> Exercise aim
Copy nothing but the lines below, from the one with "Forge FR MLFRBBT-0021" through the one with "image:imagePrinStory Womens Robe", exactly as written; no pictures should appear.

• • • • •

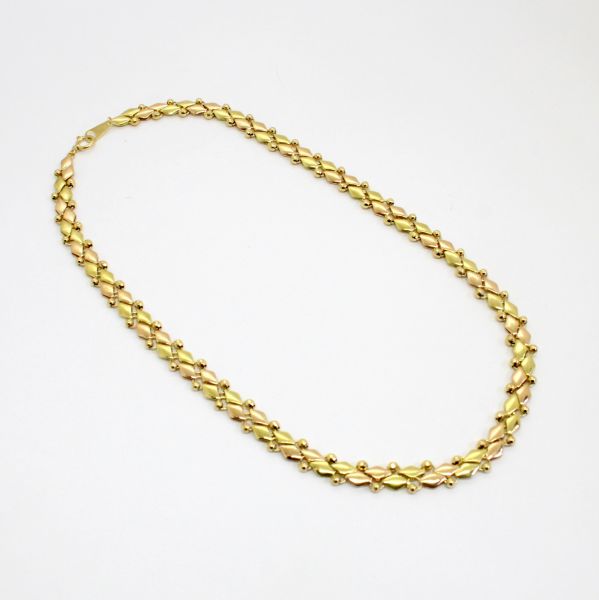【中古】 １８金YG,PG ツーカラー 青写真首飾り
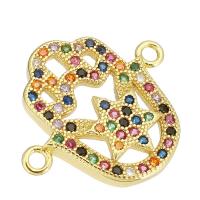 Cubic Zirconia Micro Pave Brass Connector gold color plated micro pave cubic zirconia & hollow Approx 2mm Sold By Lot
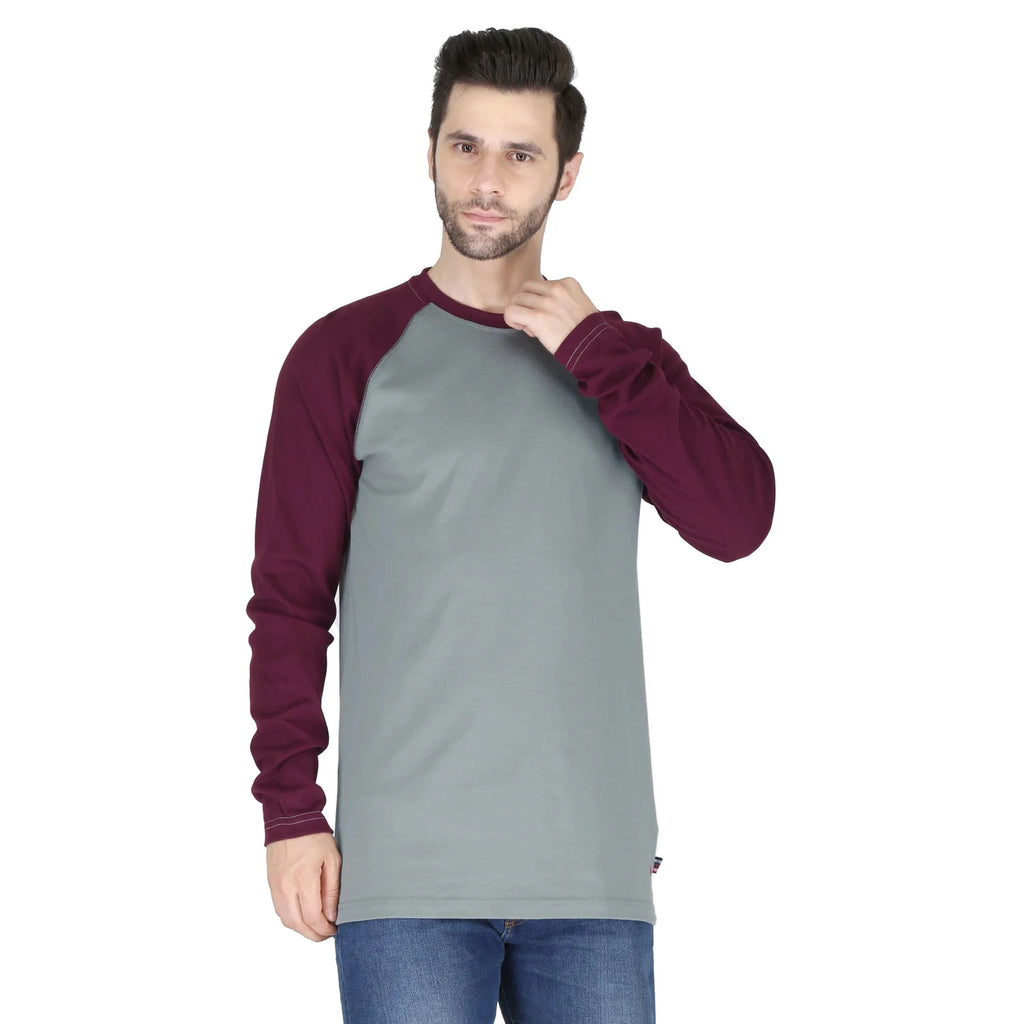 Forge FR MLFRBBT-0021 Baseball Tee - Grey/Burgundy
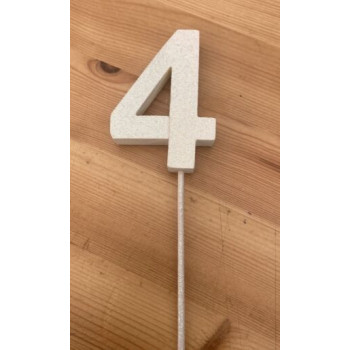 Número 4 esferovite branco 8 cm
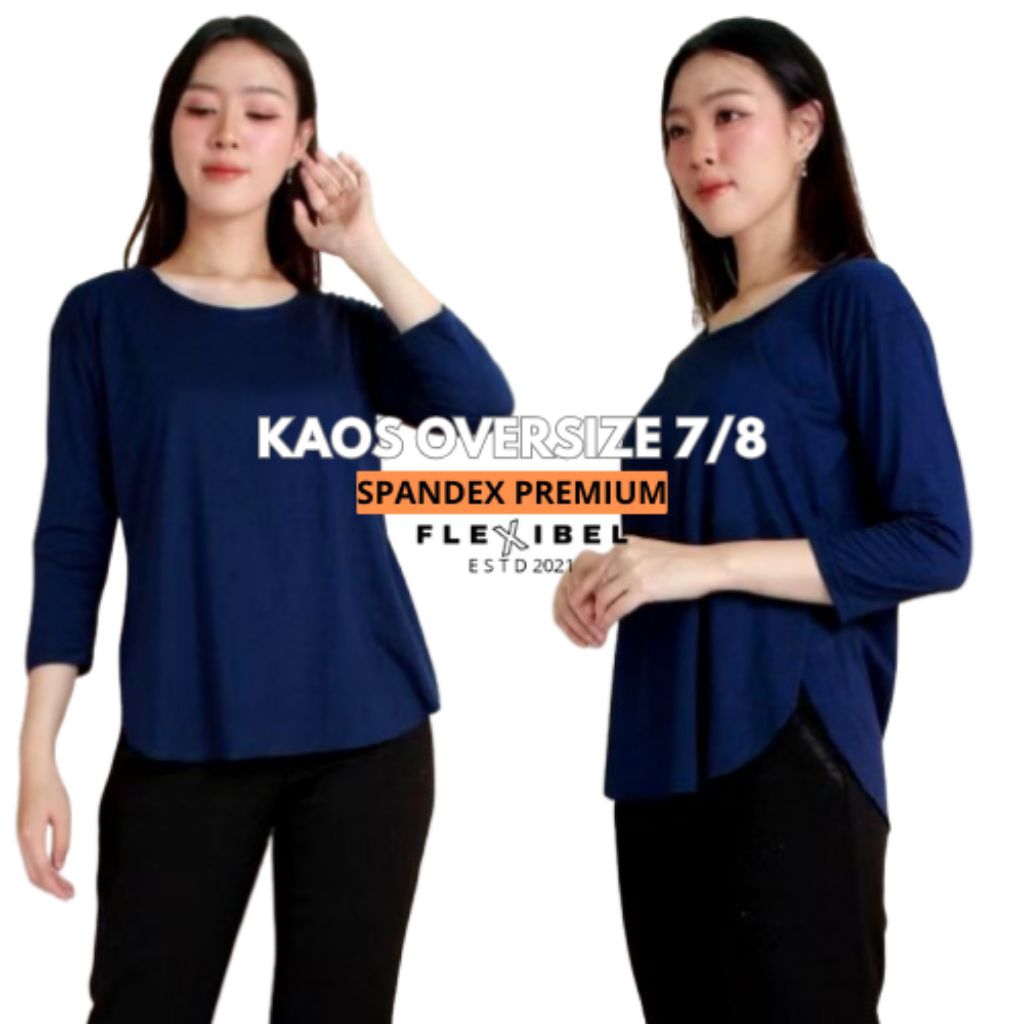 Kaos Oversize Lengan 7/8 Kaos Atasan Wanita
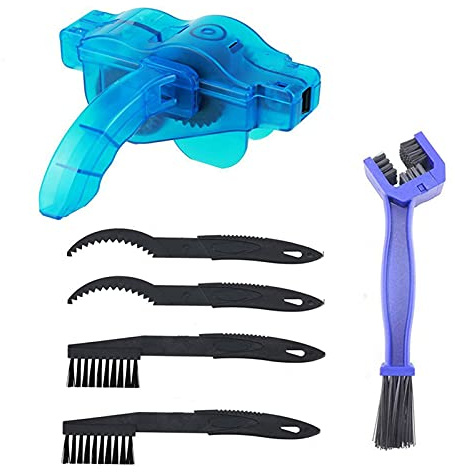 Chain Cleaner Bicycle Chain Cleaning Device Bicycle Chain Cleaning Brush 6 Pieces Chain Cleaner Kit for Folding Bikes and City Mountain Roads Hybrid Bicycle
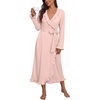 image:imagePrinStory Womens Robe Fleece Ruffle Warm Long BathrobeLight Pink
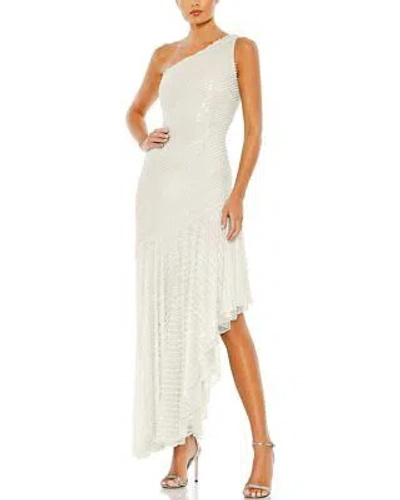 Pre-owned Mac Duggal One Shoulder Cocktail Dress Women's In White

• • • • •

> Answer
 Forge FR MLFRBBT-0021 Baseball Tee - Grey/Burgundy
 Número 4 esferovite branco 8 cm
 Kaos Oversize Lengan 7/8 Kaos Atasan Wanita
 Chain Cleaner Bicycle Chain Cleaning Device Bicycle Chain Cleaning Brush 6 Pieces Chain Cleaner Kit for Folding Bikes and City Mountain Roads Hybrid Bicycle
 image:imagePrinStory Womens Robe Fleece Ruffle Warm Long BathrobeLight Pink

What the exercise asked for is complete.